▶ _Records shown_:

....

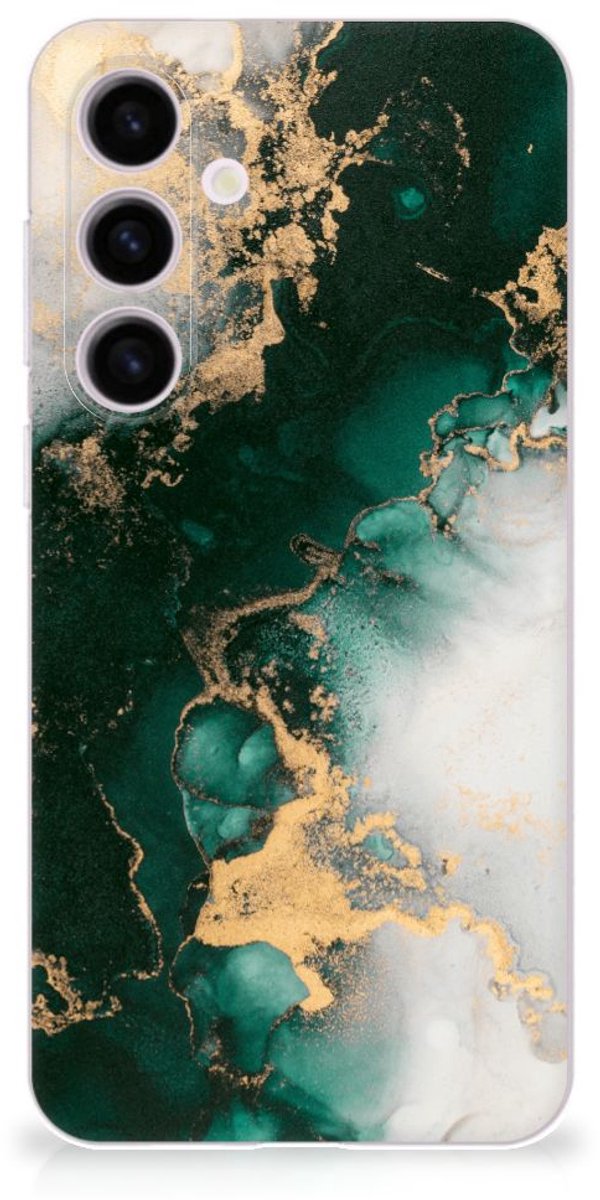TPU Siliconen Hoesje voor Samsung Galaxy S24 Plus Marmer Groen
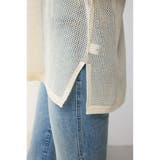 メッシュロゴニット | AZUL BY MOUSSY | 詳細画像11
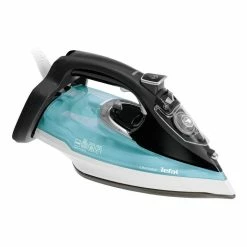 Brand new 🧨 Deals 👏 Tefal Ultimate Airglide Iron Black/Blue FV9753 ❤️ 🛒
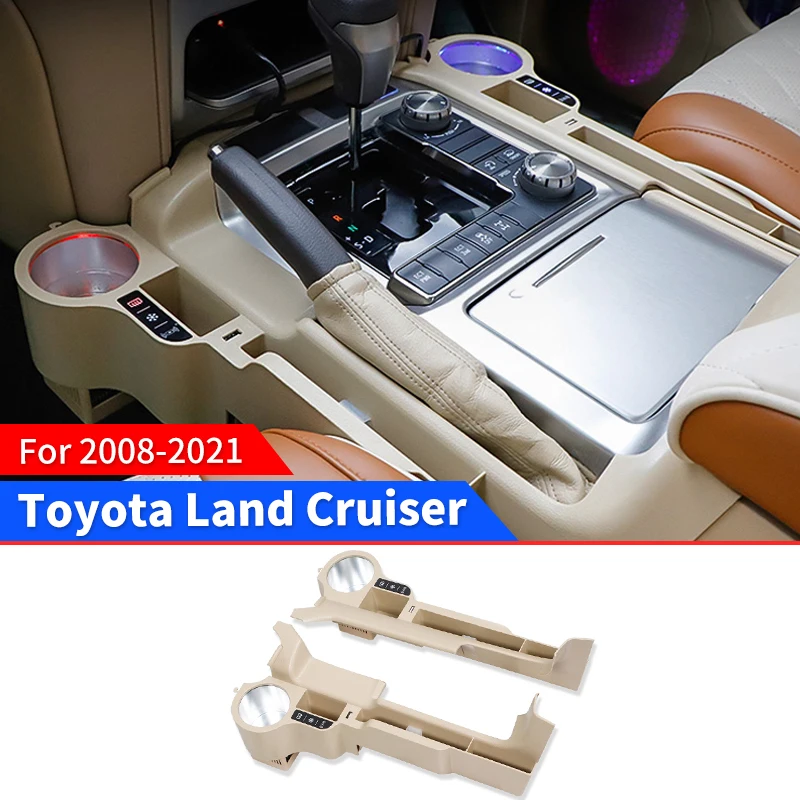 For Toyota Land Cruiser 200 Interior Decoration Modification Accessories LC200 Seat Central Control Multifunctional Storage Box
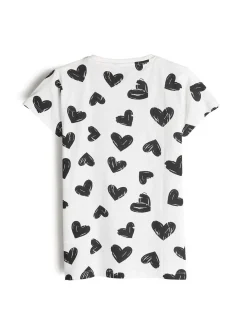 GATE Bawełniana koszulka z nadrukiem|Dzieci Dziewczynki·Koszulki I Topy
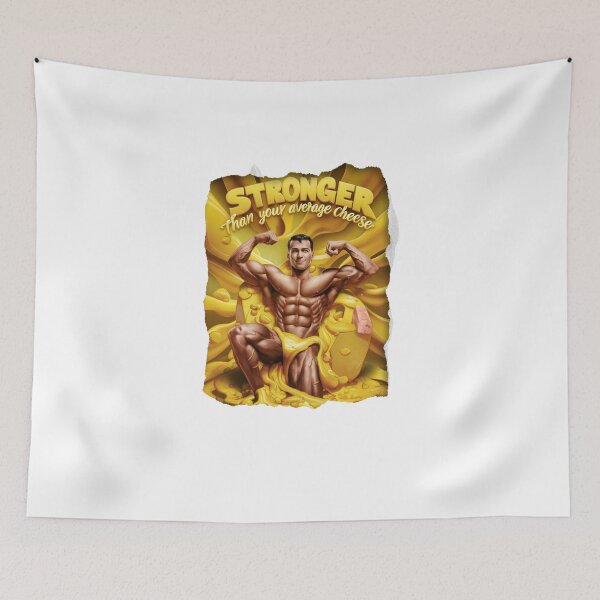 Item preview, Stronger Than Your Avarage Cheese designed and sold by LuxProCoolShirt.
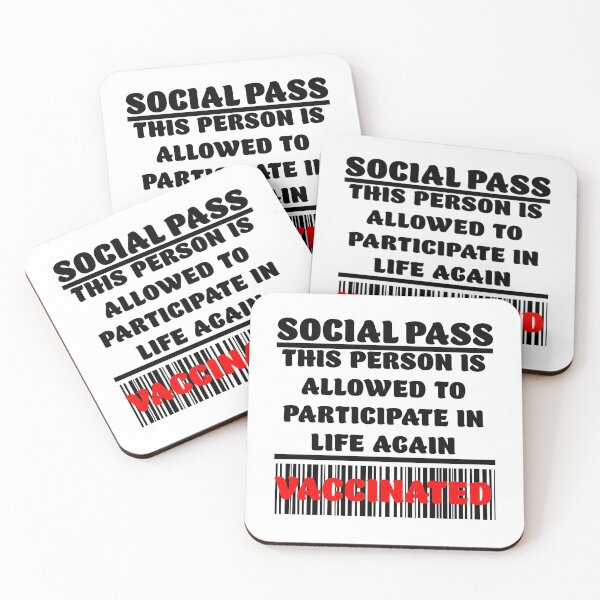 Item preview, Vaccinated - Social Pass - Vaccine - Vaccination - Club Pub  designed and sold by Rami Khalifah.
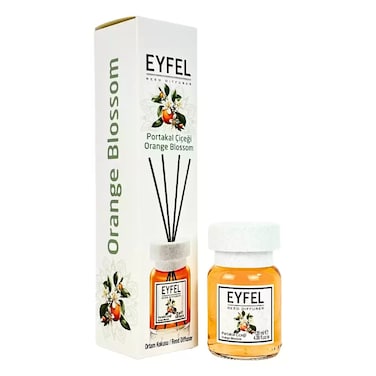 Eyfel Reed Diffuser Orange Blossom Fragrance With Sticks Liquid Home Fragrances- 120Ml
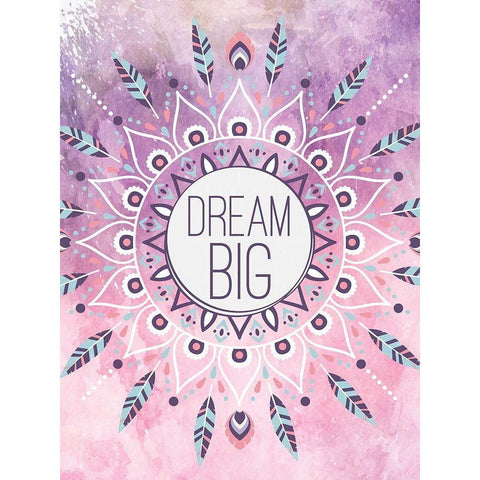 Boho Dream Big Black Modern Wood Framed Art Print by ND Art and Design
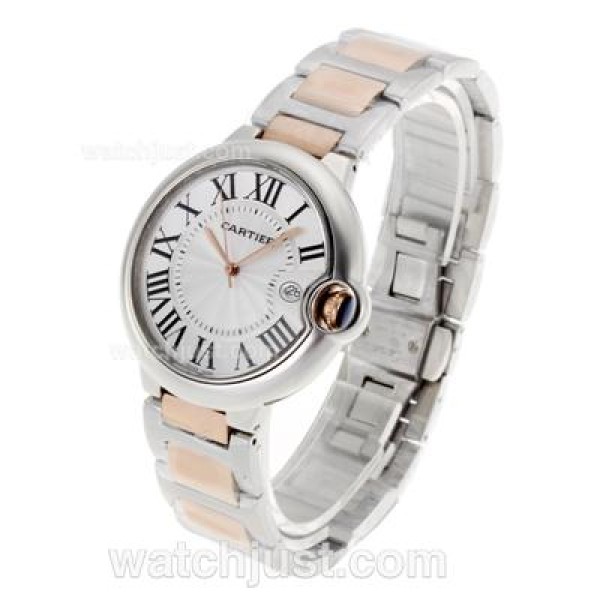 Cartier Ballon Bleu de Cartier Two Tone with White Dial-Sapphire Glass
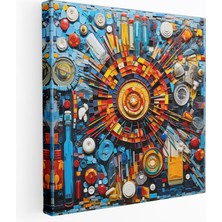 Tıp Kanvas Tablo - Tıbbi Mozaik - Tıp, Duvar Sanatı, Karma Teknik Sanat Eseri, Duvar Süslemesi, 30X30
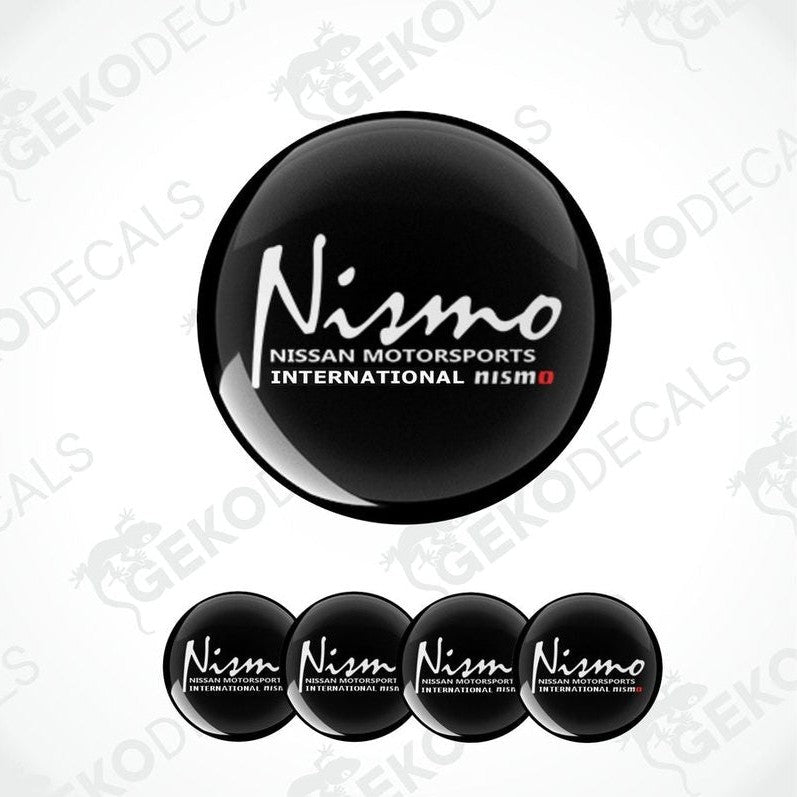 Nissan Motorsports International Nismo vinyl decal set with domed epoxy finish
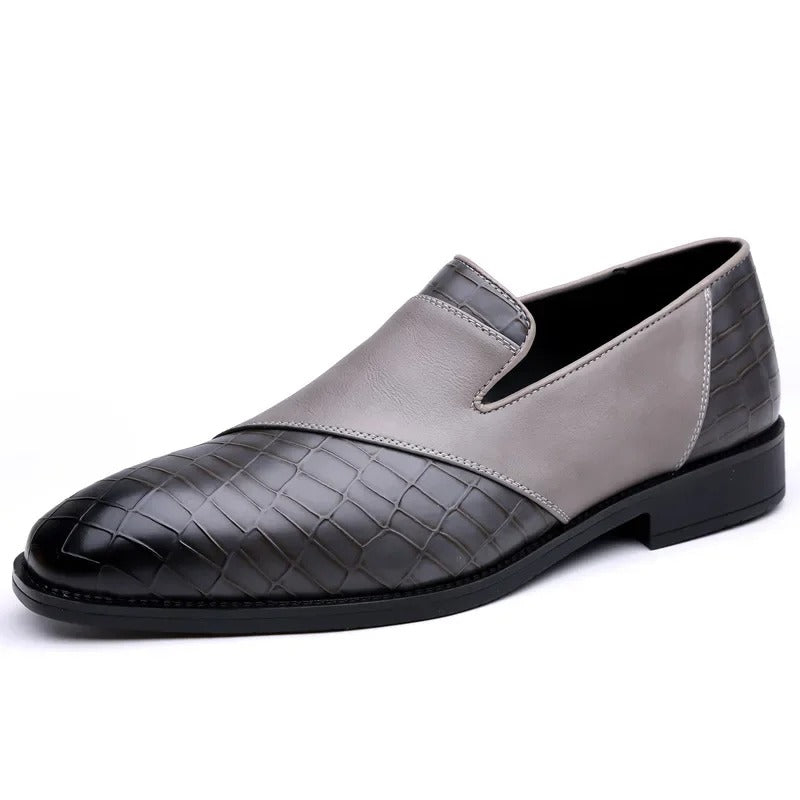 Refined Polished Leather Loafers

....

▶ _Task statement_: Only the records, copied exactly and without pictures, should make up the answer.

▶ _Solution for this task_:
TPU Siliconen Hoesje voor Samsung Galaxy S24 Plus Marmer Groen
 メッシュロゴニット | AZUL BY MOUSSY | 詳細画像11
 Brand new 🧨 Deals 👏 Tefal Ultimate Airglide Iron Black/Blue FV9753 ❤️ 🛒
 For Toyota Land Cruiser 200 Interior Decoration Modification Accessories LC200 Seat Central Control Multifunctional Storage Box
 GATE Bawełniana koszulka z nadrukiem|Dzieci Dziewczynki·Koszulki I Topy
 Item preview, Stronger Than Your Avarage Cheese designed and sold by LuxProCoolShirt.
 Item preview, Vaccinated - Social Pass - Vaccine - Vaccination - Club Pub  designed and sold by Rami Khalifah.
 Eyfel Reed Diffuser Orange Blossom Fragrance With Sticks Liquid Home Fragrances- 120Ml
 Boho Dream Big Black Modern Wood Framed Art Print by ND Art and Design
 Cartier Ballon Bleu de Cartier Two Tone with White Dial-Sapphire Glass
 Tıp Kanvas Tablo - Tıbbi Mozaik - Tıp, Duvar Sanatı, Karma Teknik Sanat Eseri, Duvar Süslemesi, 30X30
 Nissan Motorsports International Nismo vinyl decal set with domed epoxy finish
 Refined Polished Leather Loafers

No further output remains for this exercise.